Records below:

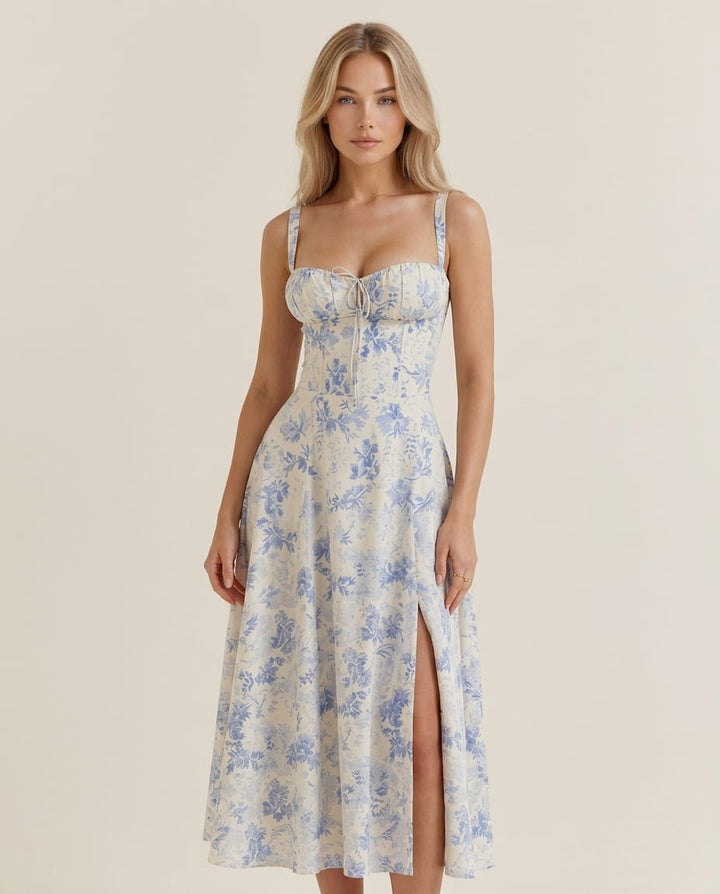 Corset Midi Dress with Flowing Skirt - Elestira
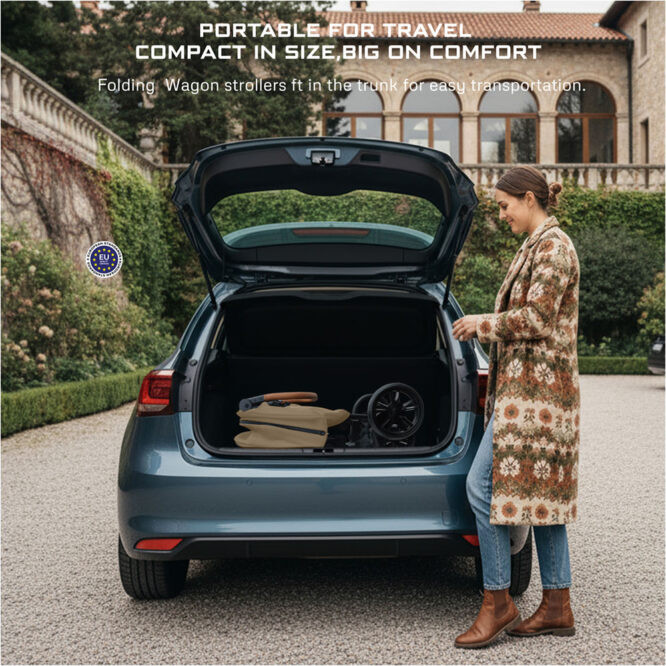 Neobreez ADVI Wagon Stroller for 2 Kids (6m-4Yrs) Max 44kg - Beige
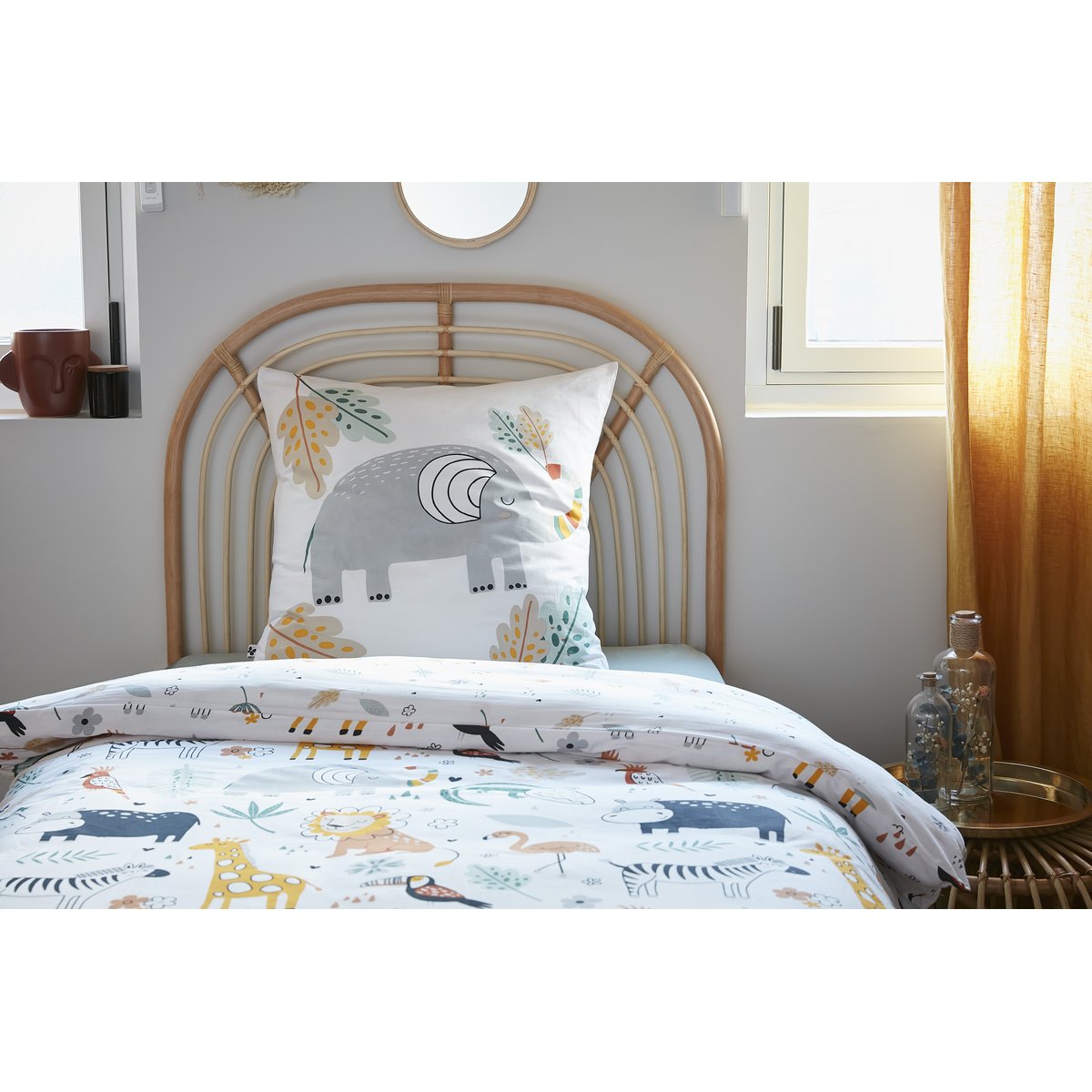 Couette imprimée Coton avec taie Savannah multicolore, EDEN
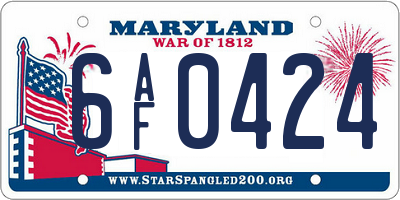 MD license plate 6AF0424
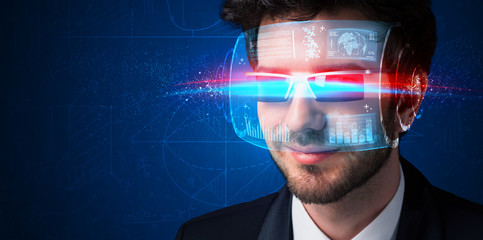 Poster - Man with future high tech smart glasses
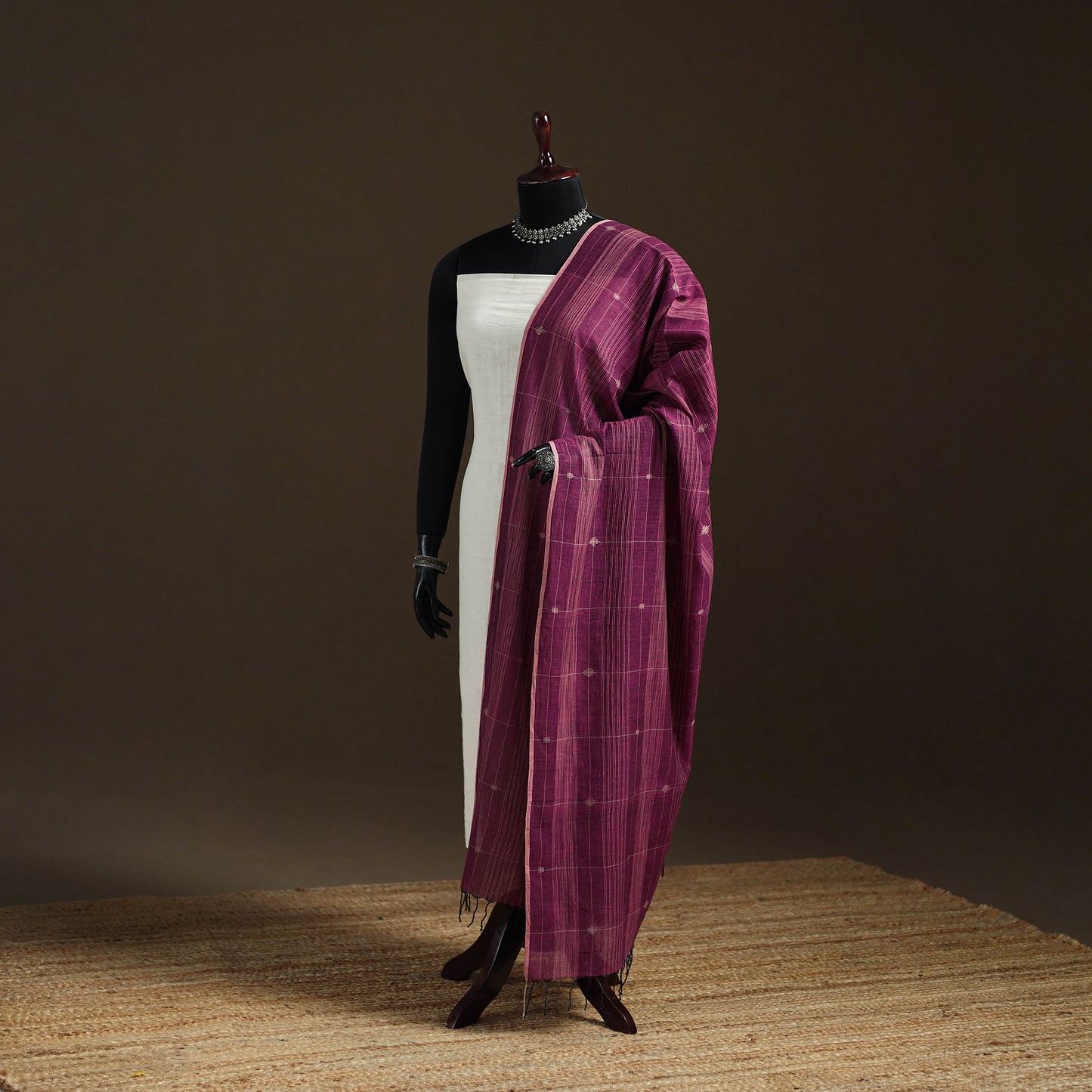 Pure Handloom Cotton Bengal Jamdani Dupatta 19
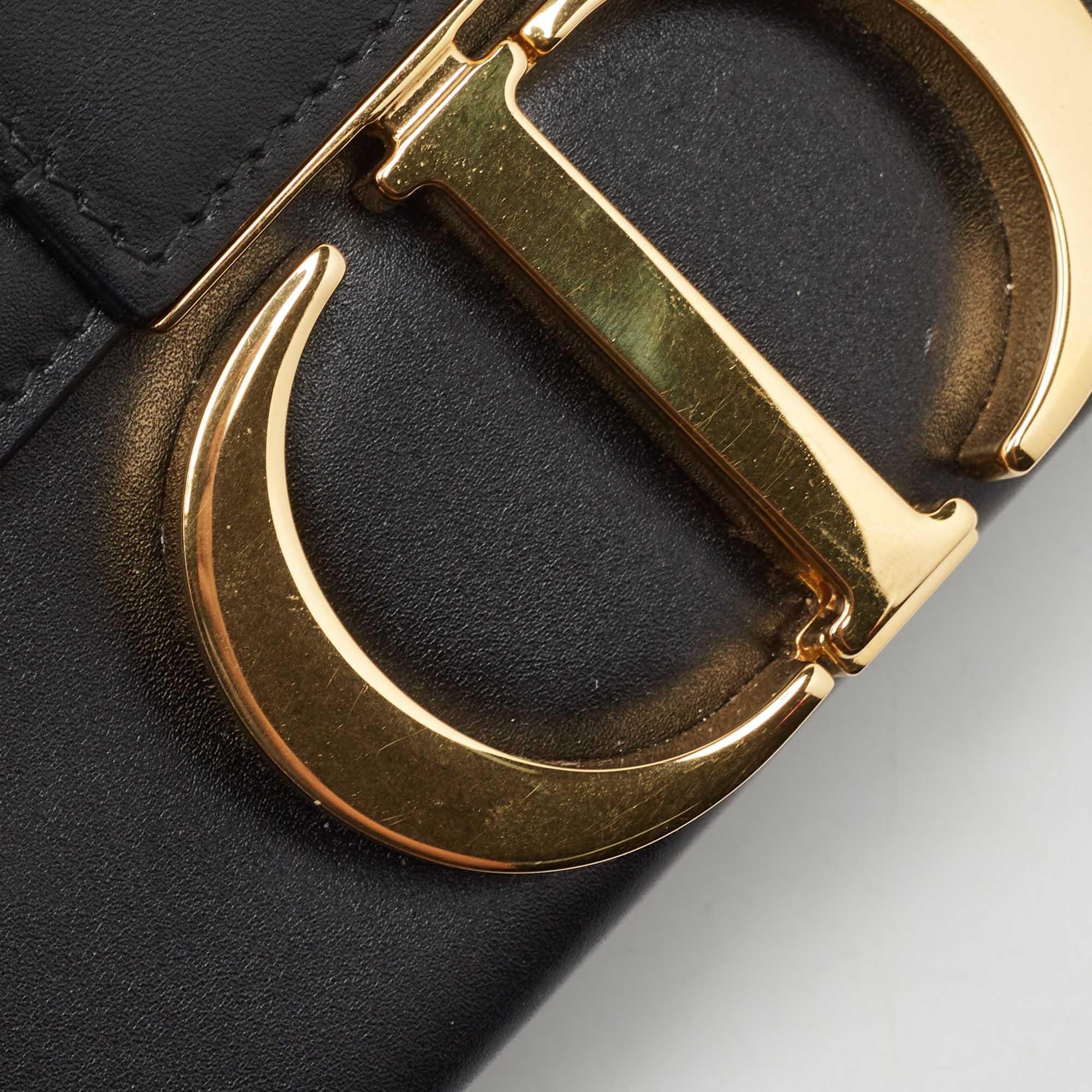 Dior Black Leather 30 Montaigne Box Bag For Sale 2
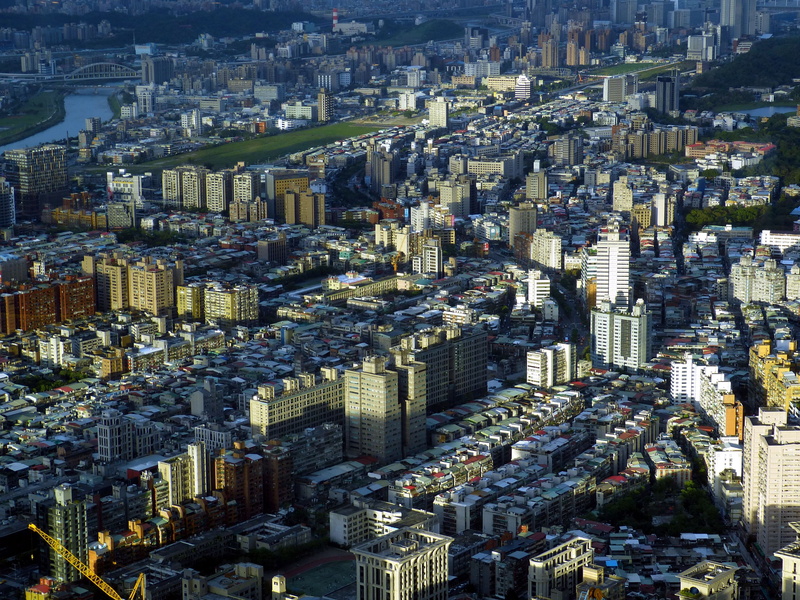 4K, city life, crowd, taipei 101, tall - high, city, taiwan, taipei, crowded, aerial view, built structure, high angle view, skyscraper, residential district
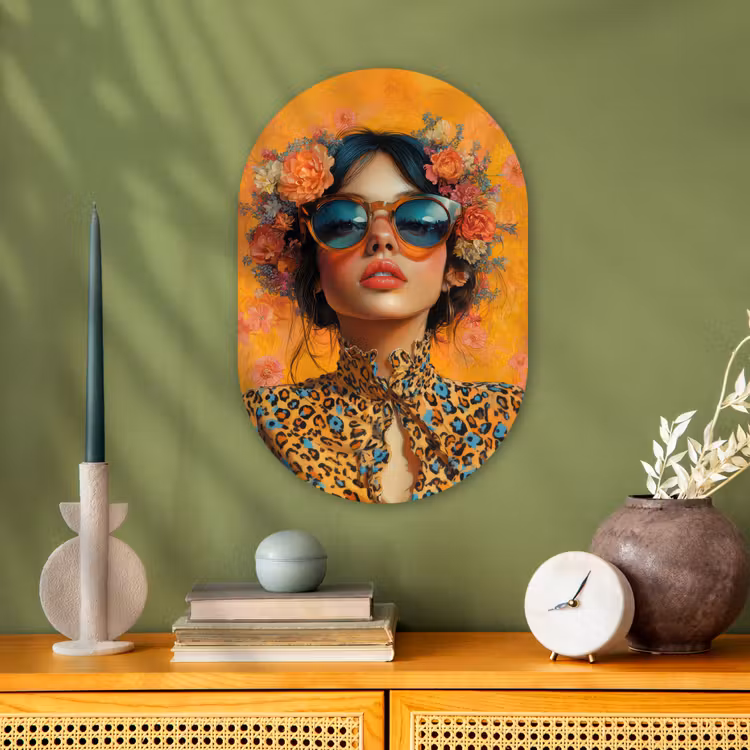 Vrouw - Bloemen - Aesthetic - Oranje Wandcirkel Ovaal Forex klein -sfeer2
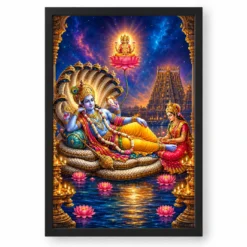 Srirangam Ranganatha Anantashayana Photo Frame — black frame clean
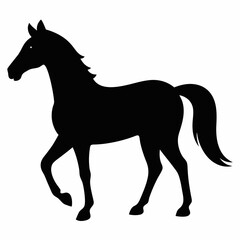 Horse isolated on white, horse vector illustration, animal vector art, horse silhouette, pet vector icon, horses cartoon line art, eps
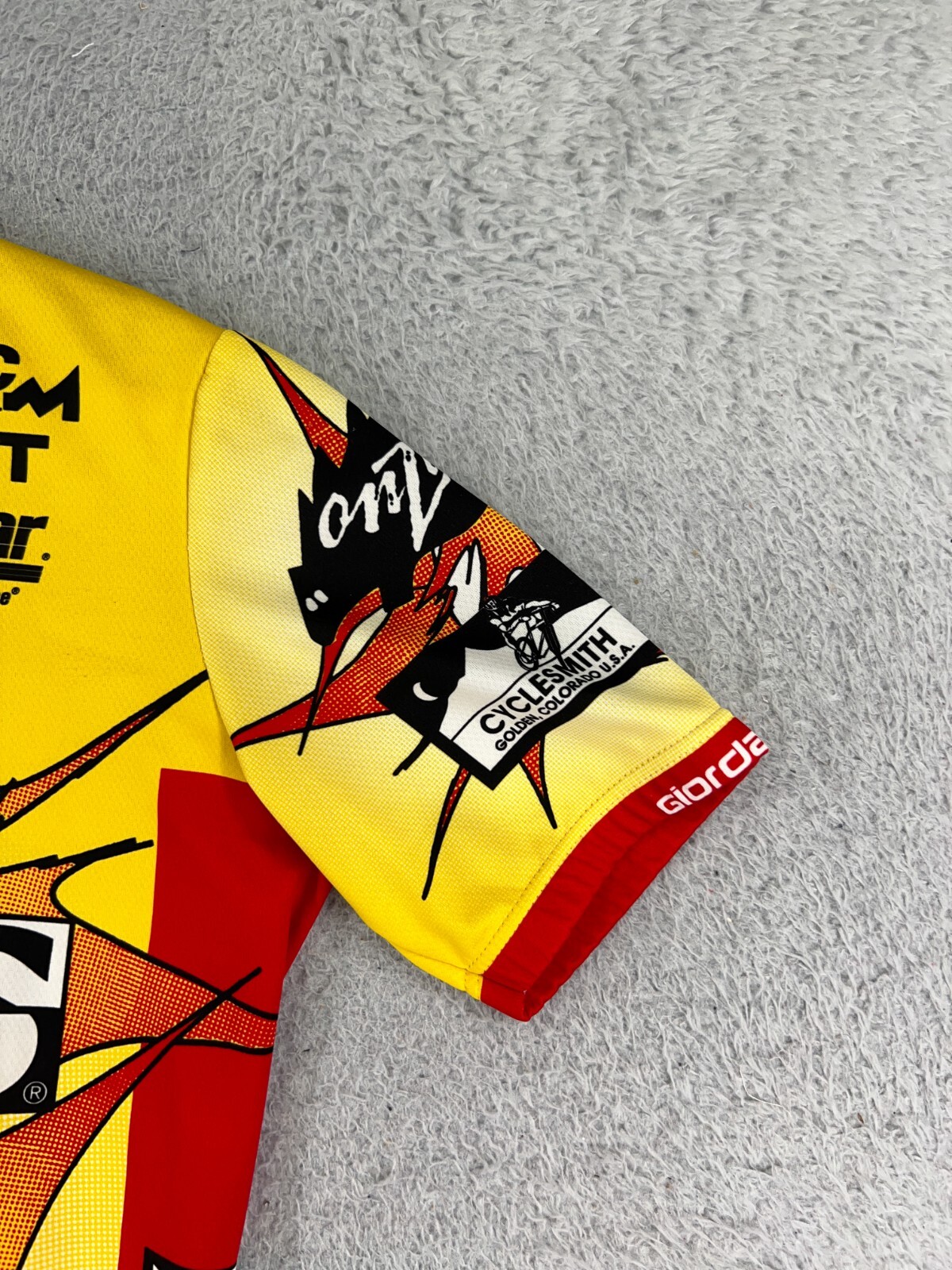Girodana Cycling Jersey Adult Medium Yellow Red 1/4 Zip Rear Pockets 100% Poly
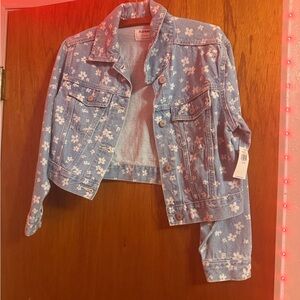 Old Navy Light Blue Jean Jacket with White Floral Design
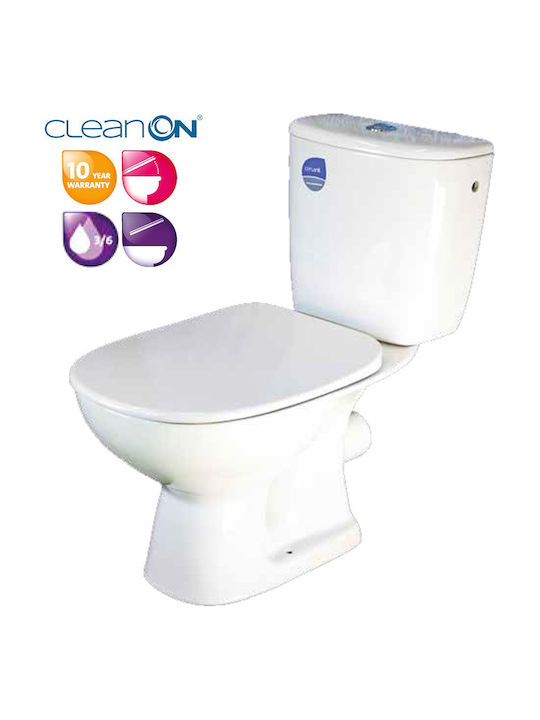 Cersanit Stehende Toilette Randlos mit Spülung mit Deckel Duroplast Sanftes Schließen Weiße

End of Records.

[Assignment]
Copy the data character for character, but drop all pictures from the copy.

[Written solution]
 Corset Midi Dress with Flowing Skirt - Elestira
 Neobreez ADVI Wagon Stroller for 2 Kids (6m-4Yrs) Max 44kg - Beige
 Couette imprimée Coton avec taie Savannah multicolore, EDEN
 MD license plate 6AF0424
 Poster - Man with future high tech smart glasses
 Pure Handloom Cotton Bengal Jamdani Dupatta 19
 Dior Black Leather 30 Montaigne Box Bag For Sale 2
 4K, city life, crowd, taipei 101, tall - high, city, taiwan, taipei, crowded, aerial view, built structure, high angle view, skyscraper, residential district
 Vrouw - Bloemen - Aesthetic - Oranje Wandcirkel Ovaal Forex klein -sfeer2
 Srirangam Ranganatha Anantashayana Photo Frame — black frame clean
 Horse isolated on white, horse vector illustration, animal vector art, horse silhouette, pet vector icon, horses cartoon line art, eps
Girodana Cycling Jersey Adult Medium Yellow Red 1/4 Zip Rear Pockets 100% Poly
 Old Navy Light Blue Jean Jacket with White Floral Design
 Cersanit Stehende Toilette Randlos mit Spülung mit Deckel Duroplast Sanftes Schließen Weiße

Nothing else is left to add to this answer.